The EU Emissions Trading System
The EU Emissions Trading System (EU ETS), launched in 2005, is the world’s largest and most mature cap-and-trade programme. It covers around 40% of EU greenhouse gas emissions, including power generation, heavy industry, aviation within the European Economic Area, and, since 2024, maritime shipping.
The EU ETS has gone through significant reform since its early years, when a surplus of allowances kept the carbon price too low to drive meaningful investment in clean technology. Phase IV (2021-2030) introduced a faster cap reduction rate and the Market Stability Reserve, a mechanism that withdraws surplus allowances from circulation to maintain price signals. By 2023, EU allowance prices had reached highs above EUR 90 per tonne, a level that began to make fuel switching and clean technology investment genuinely competitive.
The EU ETS is closely linked to the EU Taxonomy and the EU Green Deal, which set the broader decarbonisation policy framework within which the ETS operates.
Other Major Systems
California-Quebec: The Western Climate Initiative links California’s cap-and-trade programme with Quebec’s, creating a cross-border carbon market. It covers about 85% of California’s economy-wide emissions and is one of the most comprehensive subnational systems in the world.
RGGI (Regional Greenhouse Gas Initiative): A cooperative of northeastern US states covering power sector emissions only. It’s more limited in scope than California’s system but has been operating since 2009 and has generated significant revenue reinvested in energy efficiency and clean energy programmes.
China: China launched its national ETS in 2021, covering the power sector. By volume of covered emissions, it’s the largest cap-and-trade system in the world, though its carbon price has been much lower than the EU’s and its rigour has been questioned by outside analysts.
Scarcity Is the Point
The cap creates scarcity. Scarcity creates a price signal. The price signal changes investment decisions. That chain of causality is the entire logic of the system, and it only works if the cap is genuinely tight. A cap set too generously, with too many free allowances distributed to industry, produces a low carbon price that fails to incentivise change. This was the central failure of the EU ETS in its early phases.

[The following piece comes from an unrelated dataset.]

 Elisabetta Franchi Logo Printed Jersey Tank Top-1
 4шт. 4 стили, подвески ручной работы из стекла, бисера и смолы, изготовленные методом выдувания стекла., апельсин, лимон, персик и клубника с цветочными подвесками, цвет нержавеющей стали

For communications professionals, the carbon price is a number worth tracking. A high, stable, and rising carbon price is evidence that the system is working. It also has direct implications for corporate costs, asset valuations, and the financial risk of high-carbon business models, the kind of Transition Risks that the TCFD framework asks companies to disclose.
The Stranded Assets concept is closely linked to carbon pricing: as the carbon price rises, assets that depend on cheap carbon start to lose their economic value, potentially before the end of their intended life.